No podemos pensar que la oración es eficaz sólo porque Dios nos da aquello que pedimos, sino que fundamentalmente es eficaz porque nos lleva a una unión íntima con Dios. La frase que el mismo Lucas, en el evangelio de este domingo, a través de Cristo nos dice: «…Dios hace justicia de sus elegidos…», significa que Dios da a cada hijo según lo conveniente. Así cuando se dice que la justicia de Dios es atendida, y se pone como ejemplo en el evangelio a este juez inicuo, está significando que Dios es un Padre Providente que atiende a sus hijos. Se nos invita a que en la oración no dejemos de confiar en el Señor, porque Él nos asistirá en cada momento de nuestra vida. Al respecto dice San Agustín: «…Esta viuda es la imagen de la Iglesia, que aparece como desolada hasta que venga el Señor, que ahora cuida de ella misteriosamente…» (Sermón 115,1).

La espera del Señor -tan sentida en los primeros tiempos del cristianismo- es una postura activa, por eso dice Pablo: «…evangeliza todo lo que quieras, pero con comprensión y pedagogía…». La frase final de la parábola alude directamente al tiempo escatológico de la segunda venida, a que tarde o temprano el Hijo del Hombre vendrá: «…Pero, cuando venga el Hijo del hombre, ¿encontrará fe en la tierra?...», al respecto el Siervo de Dios Juan Pablo II dijo: «…La pregunta, con la que Jesús concluye la parábola sobre la necesidad de orar "siempre sin desanimarse" (Lc 18, 1), sacude nuestra alma. Es una pregunta a la que no sigue una respuesta; en efecto, quiere interpelar a cada persona, a cada comunidad eclesial y a cada generación humana. La respuesta debe darla cada uno de nosotros. Cristo quiere recordarnos que la existencia del hombre está orientada al encuentro con Dios; pero, precisamente desde esta perspectiva, se pregunta si a su vuelta encontrará almas dispuestas a esperarlo, para entrar con Él en la casa del Padre. Por eso dice a todos: “Velad, pues, porque no sabéis ni el día ni la hora" (Mt 25, 13)…» (Homilía del Santo Padre Juan Pablo II, 21 de octubre de 2001).

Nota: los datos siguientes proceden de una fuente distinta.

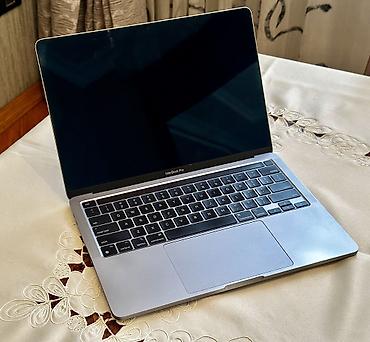 Apple MacBook: İşlənmiş Apple MacBook, 13.3 ", Apple M1, 256 GB, Pulsuz çatdırılma — 1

El 22 de agosto del presente año, en la Catequesis sobre San Gregorio Nacianceno, el Papa Benedicto XVI ha dicho: «…como personas humanas, "debemos ser solidarios los unos con los otros” e imitar la bondad y el amor de Dios”. Gregorio nos enseña sobre todo la importancia y la necesidad de la oración... en la oración debemos dirigir nuestro corazón a Dios, para presentarnos a Él como ofrenda que debe ser purificada y transformada. En la oración nosotros vemos todo a la luz de Cristo, dejamos caer nuestras máscaras y nos sumergimos en la verdad y en la escucha de Dios, alimentando el fuego del amor…» (Benedicto XVI, Audiencia general, 22 de agosto 2007).